Trauma Service

Data collection, research and The RCH Trauma Registry

  • Introduction

    The RCH Trauma Registry was commenced in 1999 as part of the measures introduced in response to the Victorian State Government's 1999 Review of Trauma and Emergency Services (RoTES) report. Since July 2000 the registry has aimed to capture all trauma admissions meeting database criteria - presently at a rate of approximately 2000 admissions per year, of which between 100 and 150 patients meet major trauma criteria (see below).

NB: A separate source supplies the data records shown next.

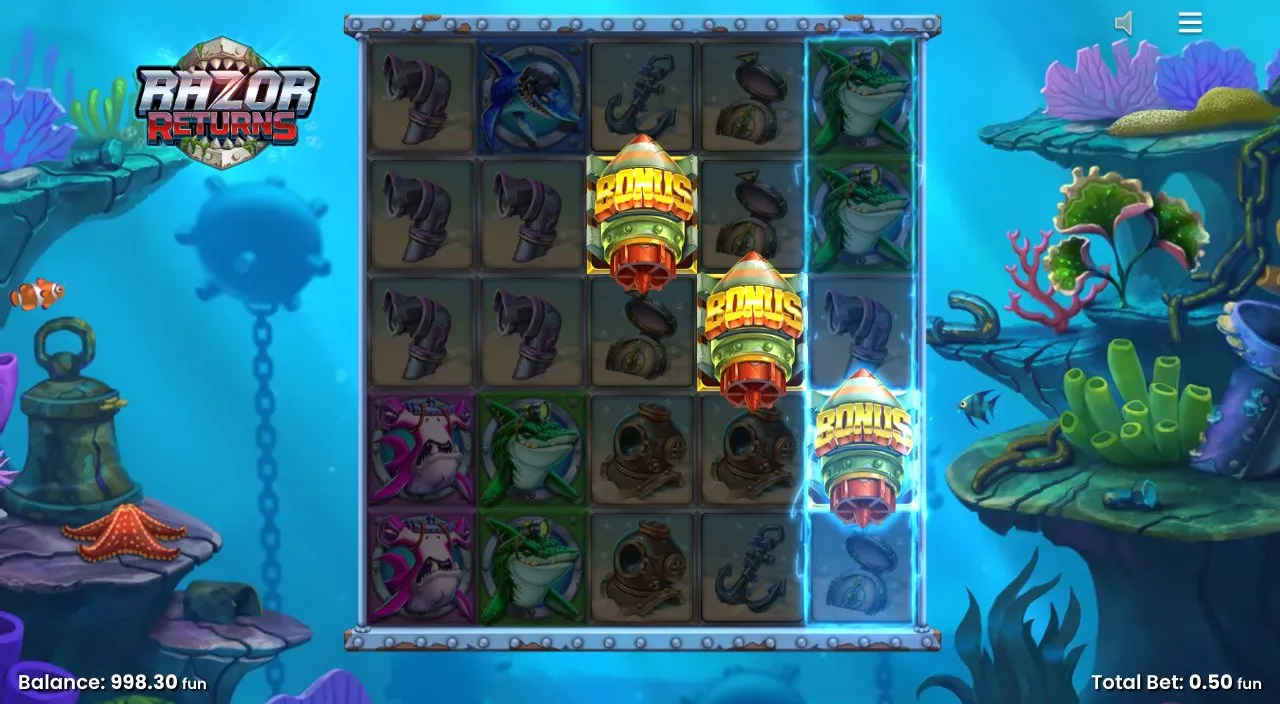 Drei Torpedo-Scatter-Symbole lösen in Razor Returns die Freispiele aus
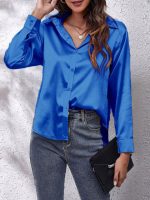 Idalia™ – Chemise Femme Chic en Soie Longue Élégante et Polyvalente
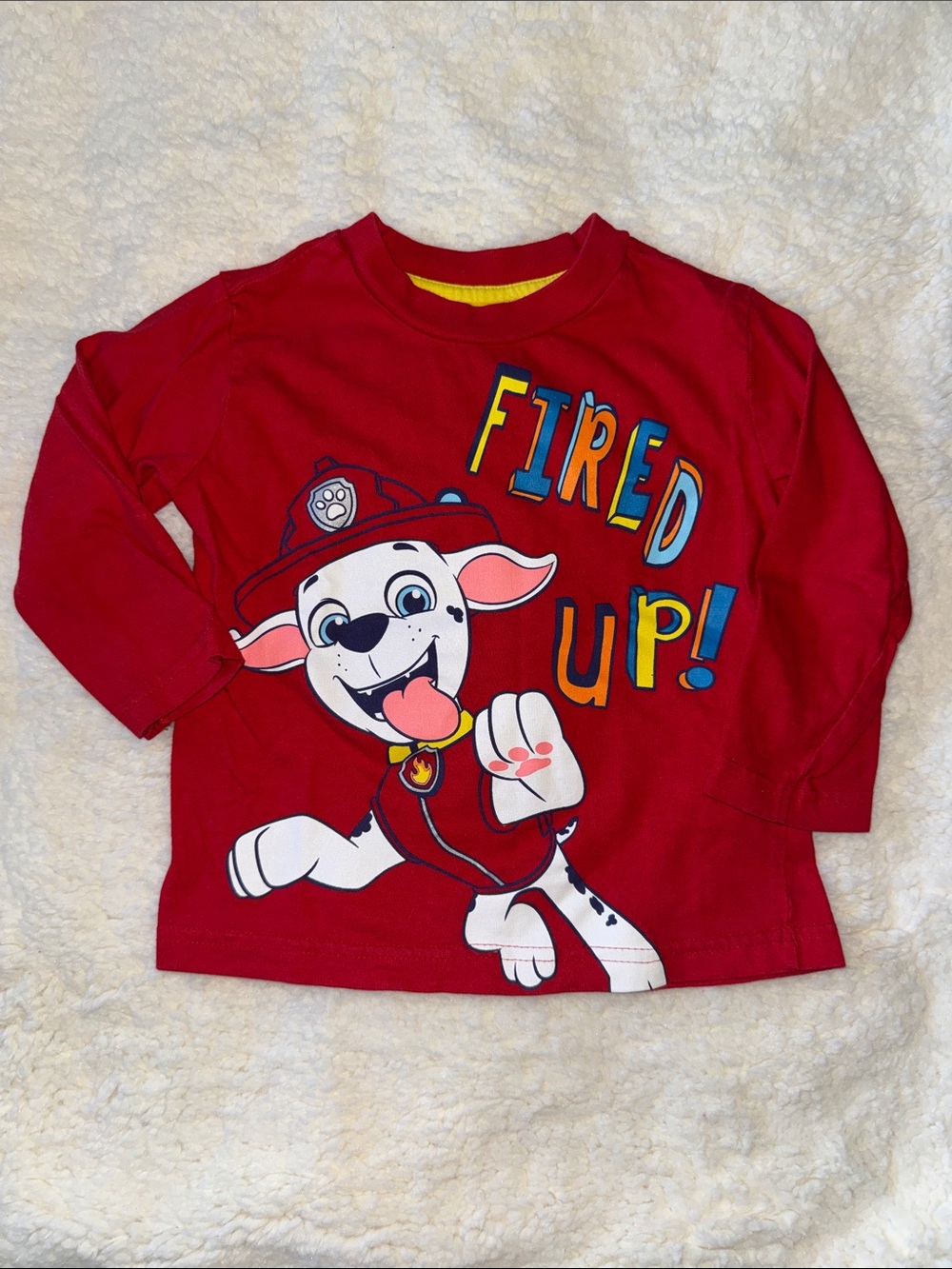 Paw Patrol Red Long-Sleeve 'Fired Up!' Graphic Tee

    A summary of the RCH Trauma Registry, including a note on injury scoring, may be found here:

    Information collected

    Inclusion criteria for the registry are:

    • Blunt, penetrating or burn trauma
    • Drowning, hanging or electrocution trauma
    • Accidental ingestion or inhalation of medication, toxic substance or physical obstruction
    • Envenomation

    Data fields collected on trauma admissions include:

    • Demographics, such as date of birth
    • Comorbidities, including current medications
    • Injury information, including a description of events and Department of Human Services' VEMD Injury Surveillance codes
    • Transport and pre-hospital information, including types of transport, times of ambulance activity and scene observations
    • Where applicable, referring hospital information, including times of arrival and discharge
    • RCH arrival information, including hospital entry point, initial observations and procedures, and 'trauma call' documentation
    • Operations performed under general anaesthesia, including times of operations
    • Outcome information including Abbreviated Injury Scale (AIS) coding and Injury Severity Score (ISS)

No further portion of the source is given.